Deaths and ends are inevitable, but beginnings are too. Just as Deadwood becomes legitimate and closes off the last corners of Al’s domain, Trixie becomes legitimate too, finally agreeing to marry Sol so they can make a safe, socially acceptable, stable space for their son. The future Deadwood will not have Al Swearengen, and it won’t have Wu, and eventually it won’t have Seth Bullock, either. But it will have children in it, a truth underlined by that tiny, wrenching moment when Al holds up baby Joshua to inspect him and the baby sneezes into his face.

The future of Deadwood is also Trixie. She’s been under Al’s foot for so many years, so thoroughly crushed under his oppressive weight. In the end, he gives her his saloon, tells her to do what she wants with it, and gives her away at her wedding. She’s simultaneously freed from him and tied to him even more closely once she’s able to love him as a choice rather than for her own survival. She promises she’ll be with him at the end.

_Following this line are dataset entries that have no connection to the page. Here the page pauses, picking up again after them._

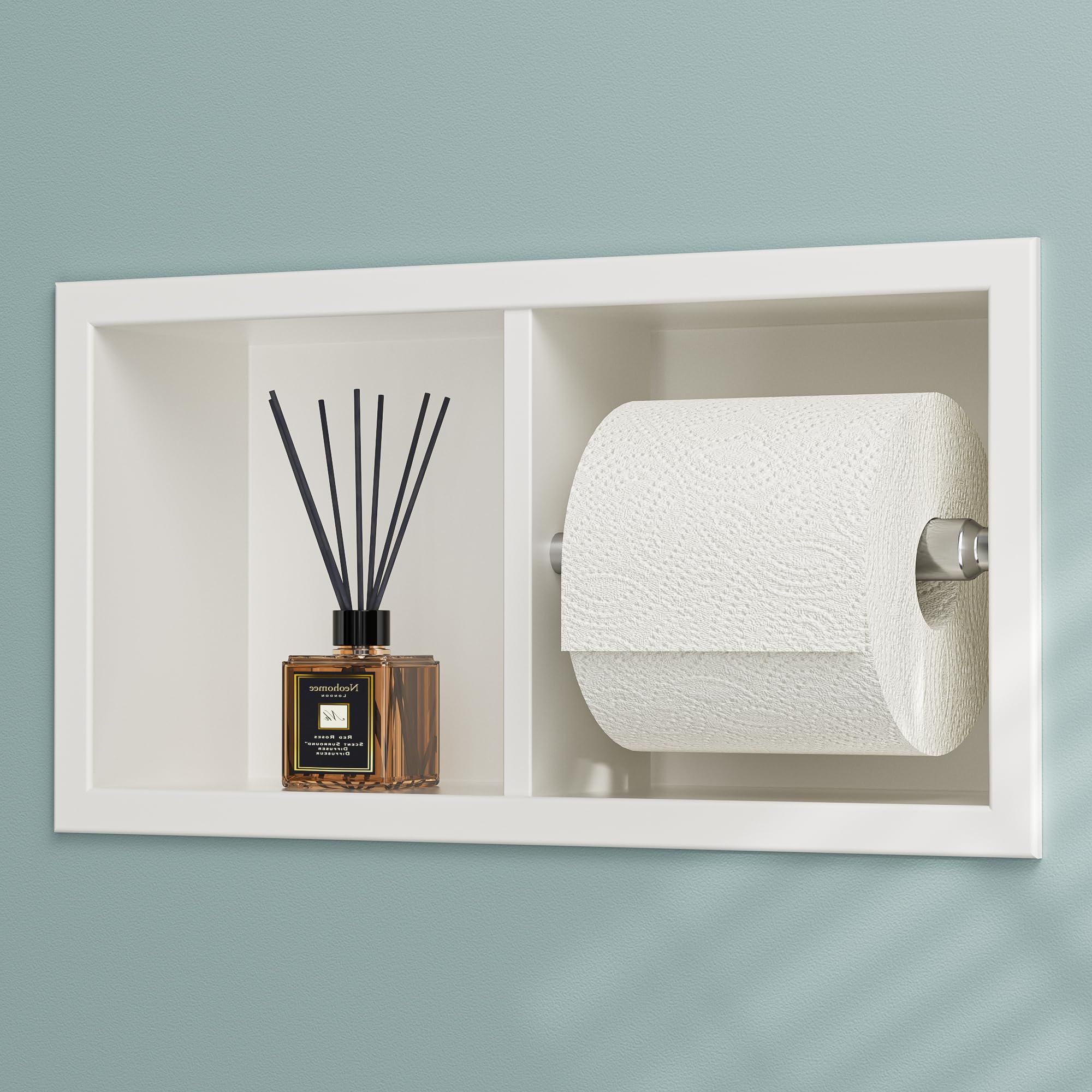 Neodrain White Recessed Toilet Paper Holder,for Standard/Mega Roll
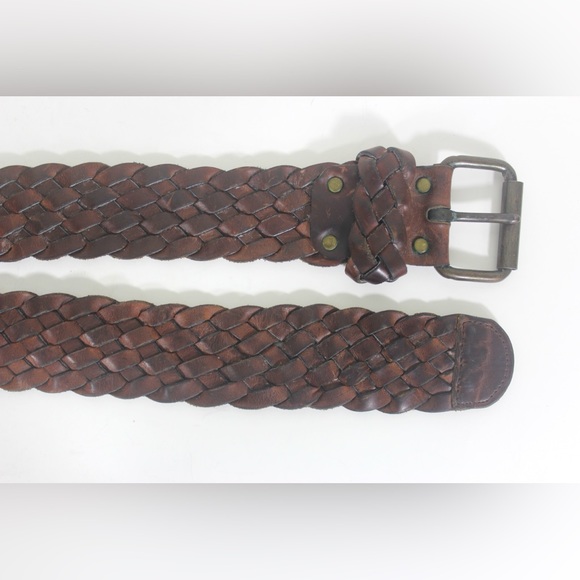 1970’s Wide Thick Vintage Dark Brown Woven Braided Leather Belt Adjustable Mens - Picture 3 of 8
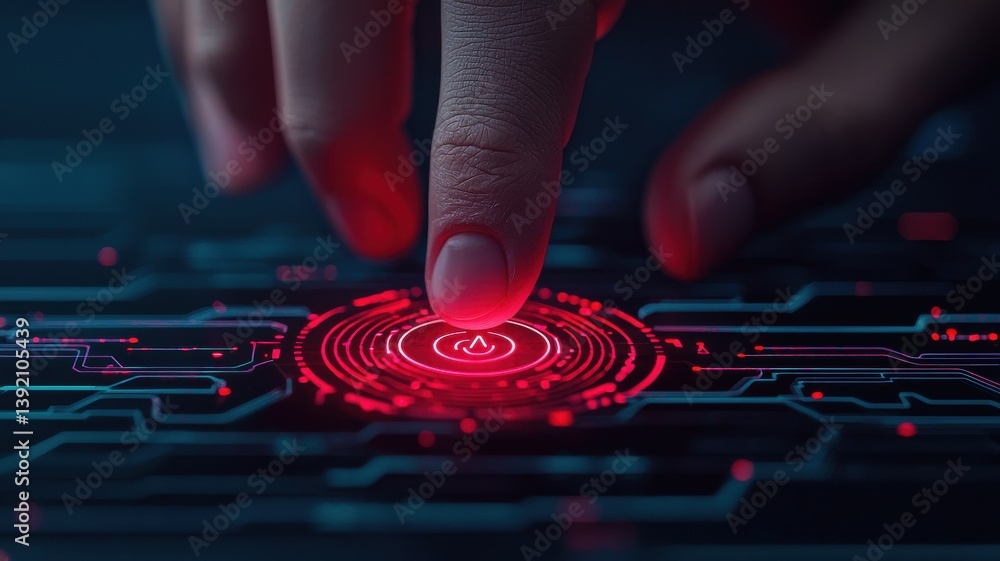 Poster touching the future interactive technology interface digital lab high-tech environment close-up view
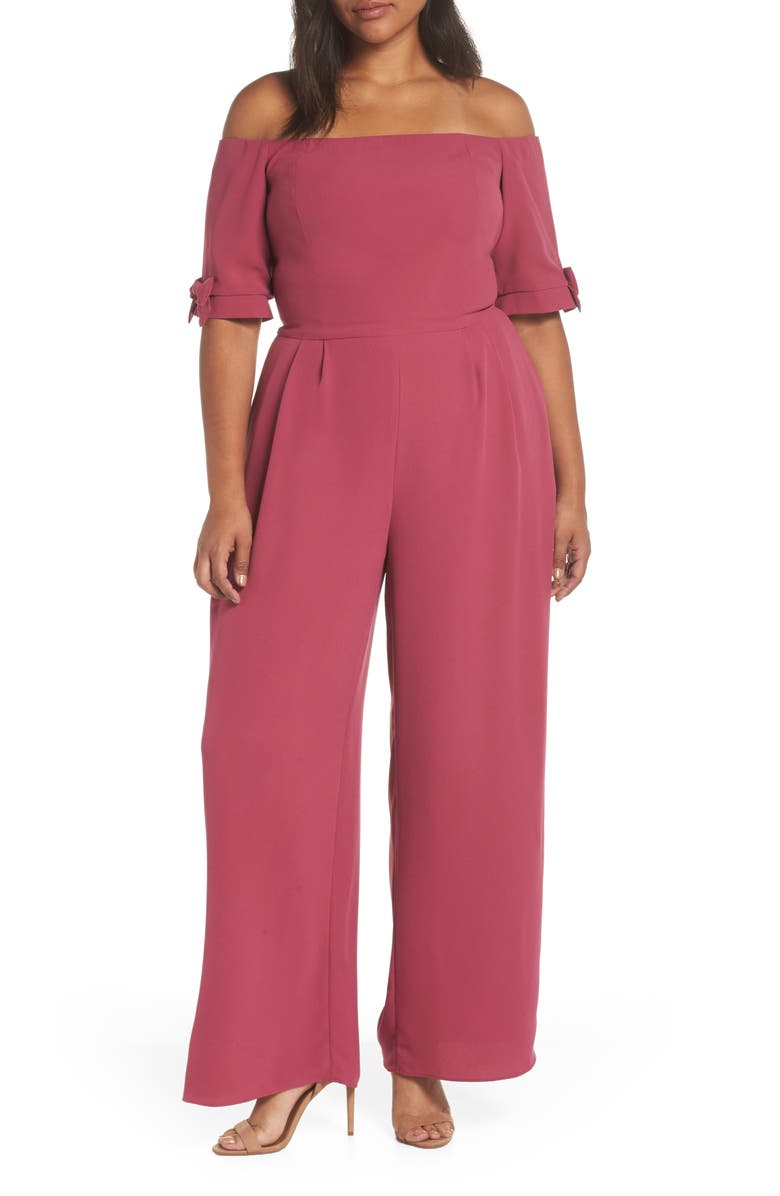 Gal Meets Glam Collection Meredith Crepe Off the Shoulder Jumpsuit, Alternate, color, 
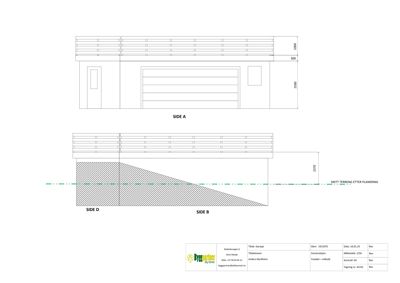 Snittegning som viser tverrsnitt gjennom bygningen (Side A til Side B) og terrengformingen etter planering.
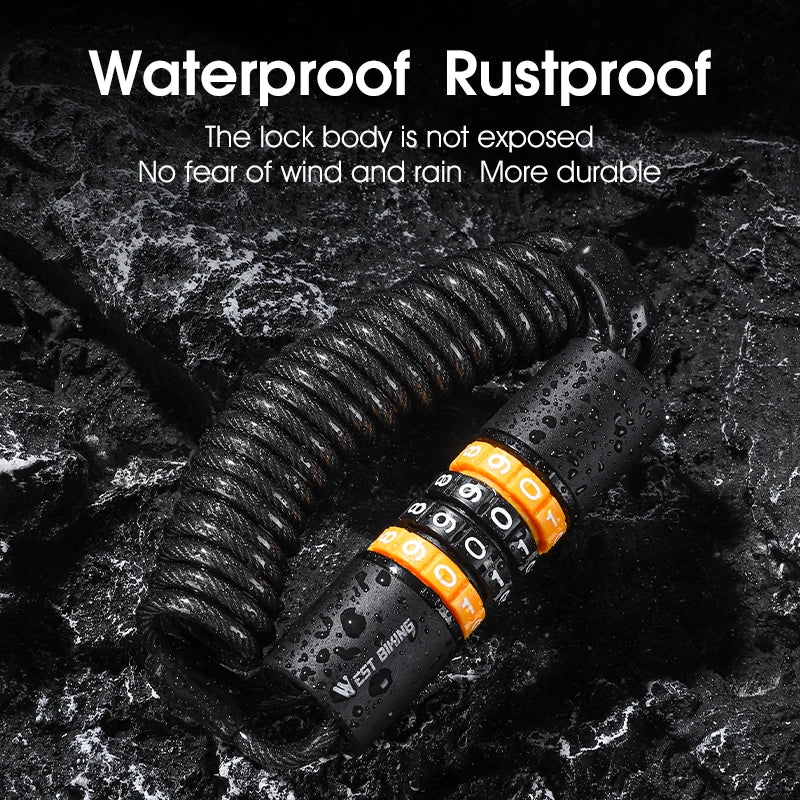 WEST BIKING Portable 4-Digit Password Cable Lock – Compact, Durable & Versatile for Helmets, Bikes & Luggage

Deadwood: The Movie ends just before Al’s death. Deadwood could not exist without him, and to finish with a moment as final and conclusive as Al Swearengen’s dying would be too much, too obvious, too direct. Instead we end with what are probably the final moments of his life, as Trixie recites the Lord’s Prayer. “Our Father, which art in heaven,” she begins. “Let him fucking stay there,” Al concludes. It is a last middle finger to authority, one last chance for Al to assert his dominion over this world before he has to move on to the next. But he knows he’s going, and we do too. Trixie, watching him, wears his striped suit jacket over her wedding dress, literally assuming his mantle. The end has come, but the future rolls on.